Change data capture realization using Spark and Sqoop
HDFS table needs to capture changes from the source RDB table. For example source RDB table has 1 million records and half of them have been changed, so we need to synchronize changed records with our HDFS database.
- We're going to use Sqoop in incremental mode to import only those records that were modified
- We will store modified records in parquet file
- Using Spark SQL, create new tables: one for extracted data and another for updated original table.
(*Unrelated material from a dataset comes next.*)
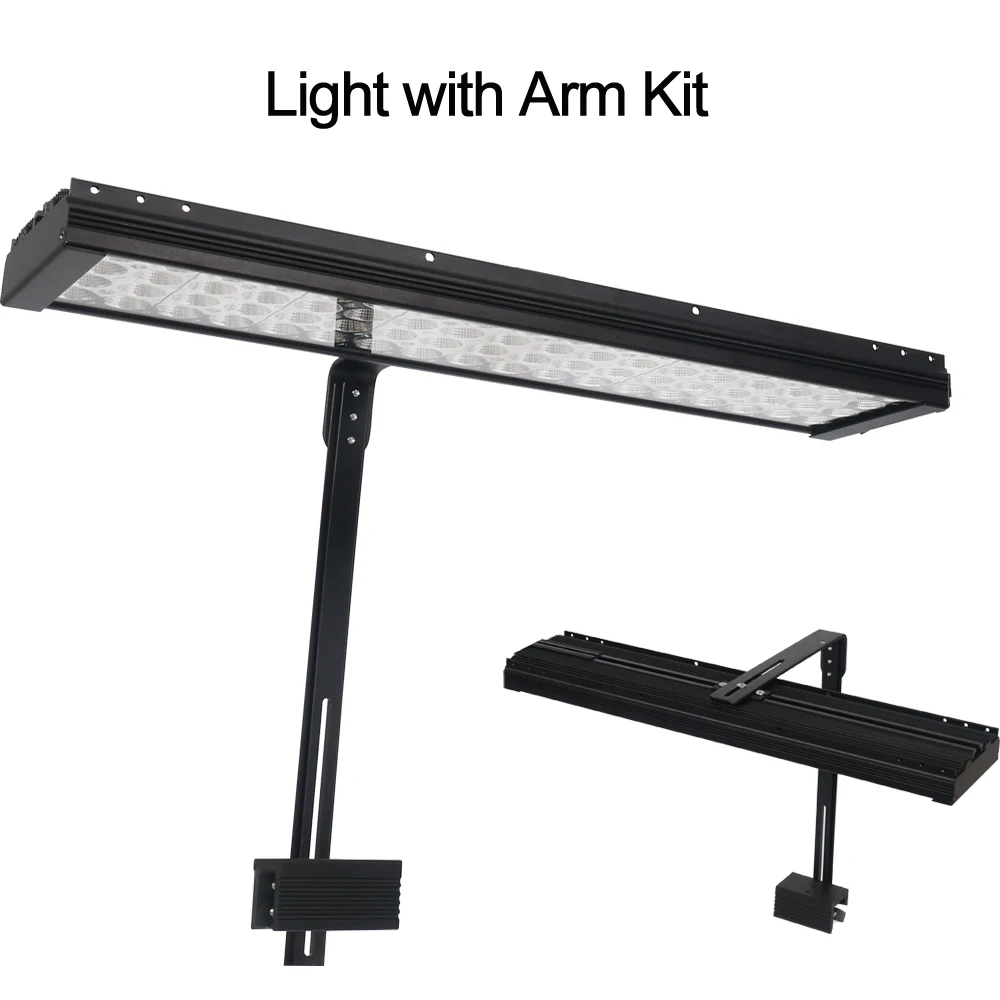 Arm Kit Аквариумное светодиодное освещение Sunsun освещение для аквариума Reef Светодиодная лампа с умным контроллером MJ4BP4 - Цвет: Arm Kit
- Using Spark SQL, insert unchanged data merged with modified data using LEFT JOIN
- Installed Spark and Sqoop
- JDBC driver for Sqoop
- Running hadoop cluster
- Running spark-shell
Standart template for sqoop import as parquet file:
sqoop import --connect <your jdbc driver with DB> --username <username> --password <password> --table <table name> --target-dir <path to HDFS directory> --as-parquetfile
Sqoop incremental import can capture both new and modified records. If we need to import new records, we need to add next parameter:
--check-column <name of column> --incremental append --last-value <value of the last record, that wasn't changed>
If we need to capture updates:
--check-column <name of column> --incremental lastmodified --last-value <value of the last record, that wasn't changed>
We can save our incremental import command for multiple usage without specifying --last-value attribute. Example:
sqoop job --create MY_JOB_NAME --import --connect
etc.
Sqoop will identify last-value attribute on first run and will change it if there will be larger value, so we don't need to specify it manually. To execute job run
sqoop job --exec JOB_NAME
Let our original table be called Customers. After sqoop operation there will be parquet file with changed data. To make updated variant of original table, follow next steps.
- Create temporary table called customers_extract
val parquetFile = sqlContext.read.parquet("path/to/your/parquet")
parquetFile.registerTempTable("customers_extract")
- Create table called customers_updated, where we will merge updates and original table
sql = "DROP TABLE if exists customers_updated"
sqlContext.sql(sql)
sql = "CREATE TABLE customers_updated ( cust_no int ,birth_date date ,first_name string ,last_name string ,gender string ,join_date date ,created_date timestamp ,modified_date timestamp ) STORED AS PARQUET"
sqlContext.sql(sql)
- Insert data into customers_updated
sql = "INSERT INTO TABLE customer_update_spark SELECT a.cust_no, a.birth_date, a.first_name, a.last_name, a.gender, a.join_date, a.created_date, a.modified_date FROM customer a LEFT OUTER JOIN customer_extract b ON a.cust_no = b.cust_no WHERE b.cust_no IS NULL"
sqlContext.sql(sql)